Above-ground piping will need to be insulated properly to ensure that it survives the colder time of year. Self-sticking foam insulating tape works the best for this kind of application. Similarly, foam insulating tubes work very well for this purpose.

A Note About Backflow Preventers

Whether you live in a temperate or a cold climate, you can save yourself a lot of hassle - and make winterization much easier - by insulating your irrigation system's backflow preventer. In cold climates, occasional late and early season freezes occur and can damage your equipment. Using a small amount of self-sticking foam insulating tape - without blocking the drain outlets or the air vents - should be sufficient. Otherwise, try using some R-11 fiberglass insulation. Wrap it around the backflow preventer, then use duct tape to secure a plastic bag around the whole thing. Don't secure it too tightly - just tight enough to keep it from blowing off.

The Drain Valve Method - Only if the blow out method is absolutely not a possibility.

In order to explain the process more clearly, we will highlight the pertinent facts and steps involved in using the drain valve method to drain the water from your lawn sprinkler system in small, easy to grasp sections below.

  • Location - It's critical to have properly placed drain valves. Basically, you will need a drain valve at every low point in your piping system. Additionally, a drain valve is needed at every high point that doesn't have a sprinkler so that air can escape; otherwise, the water won't drain.

  • Organization - If you're using manual drain valves, do yourself a favor and clearly mark down where each valve can be found on an easy-to-read chart. Keep the valves in a box and store it somewhere where it will be easy to find when it's needed.

  • Strategy - When your lawn sprinkler system was installed, optimally the remote controllers were placed just above the lowest point in a circuit. That way, you can install the drain valves at the same place as the controllers, making it much easier to winterize properly. About 1/4" of slope is needed per foot to drain the pipes effectively; in the best case scenario, you'll only need one drain valve per lateral.

  • Automatic Drain Valves - You can streamline your winterization process by using automatic drain valves.
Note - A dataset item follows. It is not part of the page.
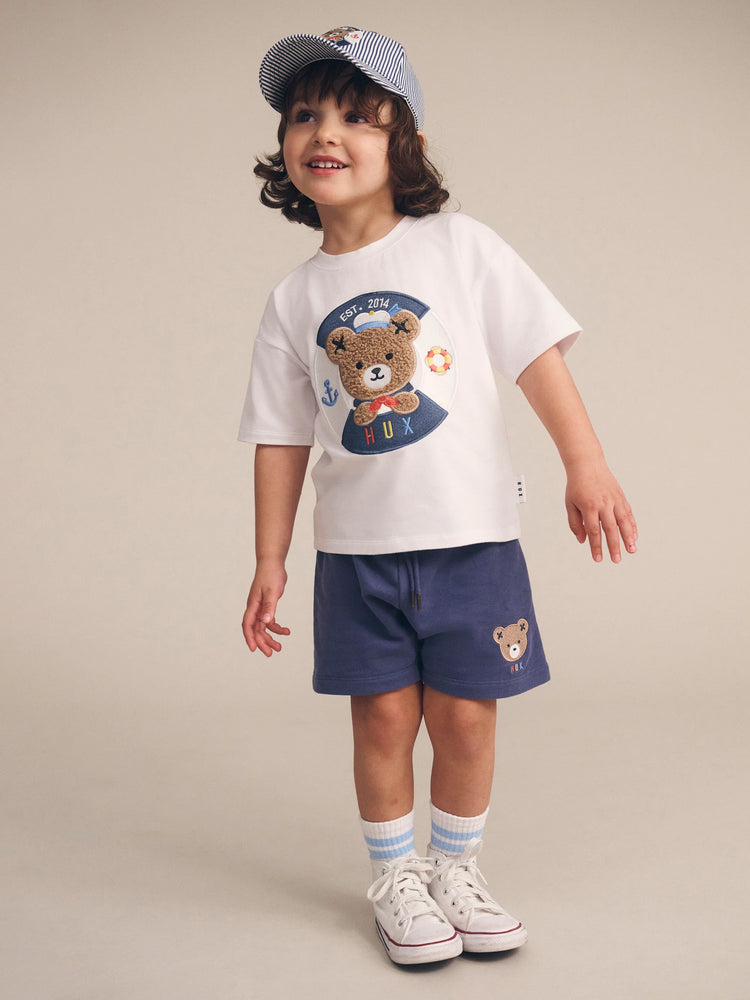 Huxbaby WHITE SAILOR HUX DROP SHOULDER TEE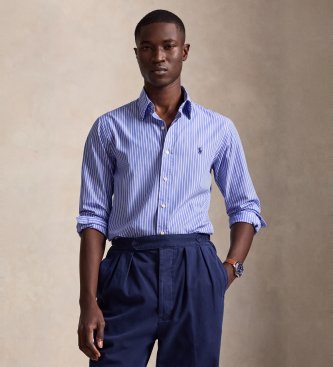 Polo Ralph Lauren Popelinskjorta med ränder i Custom Fit, blå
Assuming they are on the ends and the low points of your sprinkler system, automatic drain valves work to drain excess water when the pressure gets below 10 psi. Activate a station to release the pressure and to get the automatic drain valves going. You'll find that they save you a great deal of time and frustration when the time to winterize your irrigation system rolls around.

  • Water In The Valves - Since water won't drain all the way out of the valves, it will be necessary to remove them. Although it's possible to take them apart and dry them manually, it is not a practice recommended for the average, everyday DIYer. Choose valves with unions to make removal easier. After removing the valves, cap the ends to keep garbage and pests out.

Water In The Sprinkler Heads - Sprinkler heads with built-in check valves don't drain completely; neither do side inlet sprinklers. If you're unsure what kind you have, remove a sprinkler's cap to see if there's water down in the sprinkler body. If so, you'll need to remove it and shake it out thoroughly. Otherwise, you could try using a wet/dry shop vacuum to suck the moisture out.